From: Julian Bradfield (jcb+unicode@inf.ed.ac.uk)
Date: Sat Aug 15 2009 - 10:24:50 CDT
Let me play partly devil's advocate to both Michael and Asmus!
On 2009-08-15, Michael Everson <everson@evertype.com> wrote:
> well, modern. But even in the 1949 Principles of the International
> Phonetic Association it was quite clear that the borrowings from other
> alphabets into the IPA were intended to be *naturalizations*, not just
> temporary visiting.
Agreed. However, the IPA has been backsliding on this. The letter chi
is, unsurprisingly, a problem. If you look at the current IPA chart,
you will see chi printed with a plain (upright) Greek chi.

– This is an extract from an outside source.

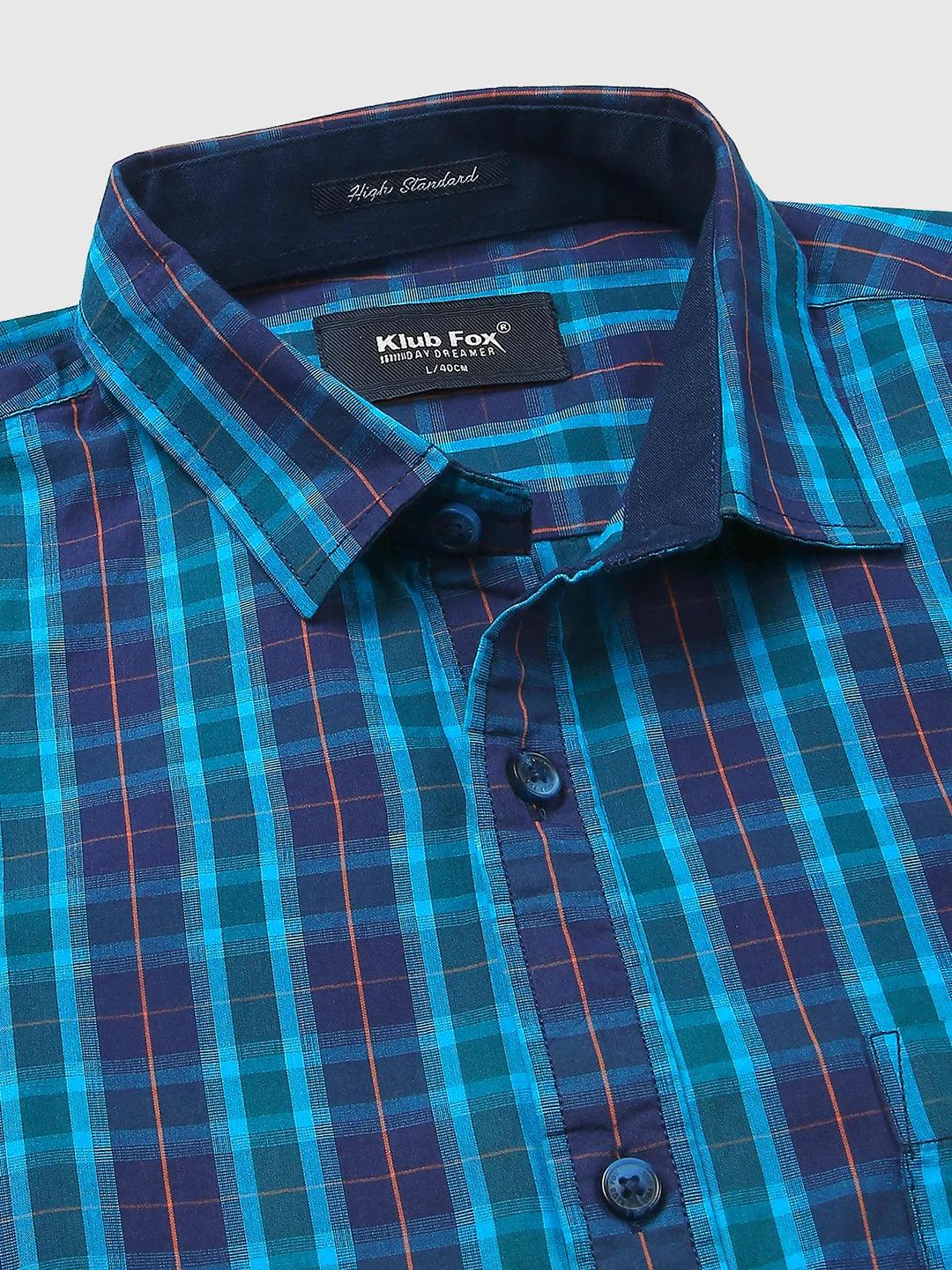 Blue Checkered Shirt - Klub Fox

> "The non-roman letters of the International Phonetic Alphabet have
> been designed as far as possible to harmonise well with the roman
> letters. The Association does not recognise makeshift letters; it
> recognises only letters which have been carefully cut so as to be in
> harmony with the other letters.[...]"
Chi never did fit. In the "extended x" version used in previous IPA
publications, it was romanized by having straight lines with serifs,
but they retained the stroke weight of the Greek chi: light on the
rightwards stroke, heavy on the leftwards stroke, which of course does
not harmonize with roman letters derived from the broad-nib pen
tradition. (Somewhere I still have the (actual) carbon of a letter I
wrote to the IPA in around 1980 suggesting they reverse the stroke
weights! I don't think they took any notice.)

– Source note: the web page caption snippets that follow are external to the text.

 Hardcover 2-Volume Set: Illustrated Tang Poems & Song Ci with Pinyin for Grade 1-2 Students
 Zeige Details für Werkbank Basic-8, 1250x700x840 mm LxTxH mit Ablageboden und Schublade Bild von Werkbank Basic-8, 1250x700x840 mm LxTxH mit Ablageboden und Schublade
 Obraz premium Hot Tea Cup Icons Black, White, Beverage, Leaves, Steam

The same problem arises with all the "reversed" letters.
> As of Unicode 5.1, we have Latin delta ẟ at 1E9F.
I didn't know that! That adds another precedent.
> We don't really have that luxury in the "real" world of text, where
> plain language text (even in Greek!) and IPA transcriptions co-exist.
> I'm typesetting a book now in Baskerville, and I'm using Baskerville
> IPA and Baskerville Greek in it. I'm glad I don't have to use IPA beta
> because the Baskerville Greek beta is not correct. It's vertical. But
If you're typesetting, you're using fonts, not plain text.
> it's been designed for the other Greek letters, not for Latin. The
> Greek theta could pass for the Latin, but the weight of the Greek chi
> is exactly the reverse of the expected weight for the Latin chi: in
> Latin the thick leg should be the northeast-southwest leg, but it is
> the reverse for the Greek.
That's because Baskerville Greek has *really* been "cut" to harmonize
with the roman, whereas the old IPA chi wasn't. Nobody could "expect"
a Latin letter to have a heavy leftwards stroke unless they had been
previously corrupted by the IPA.
> Indeed, the IPA chi is different from the long x used in Germanicist
> dialectology; I should not name the character in http://std.dkuug.dk/jtc1/sc2/wg2/docs/n3555.pdf
> chi -- it is a stretched x, because its northwest-southeast leg is
> thick, the opposite of what the IPA Handbook and Abercrombie specify.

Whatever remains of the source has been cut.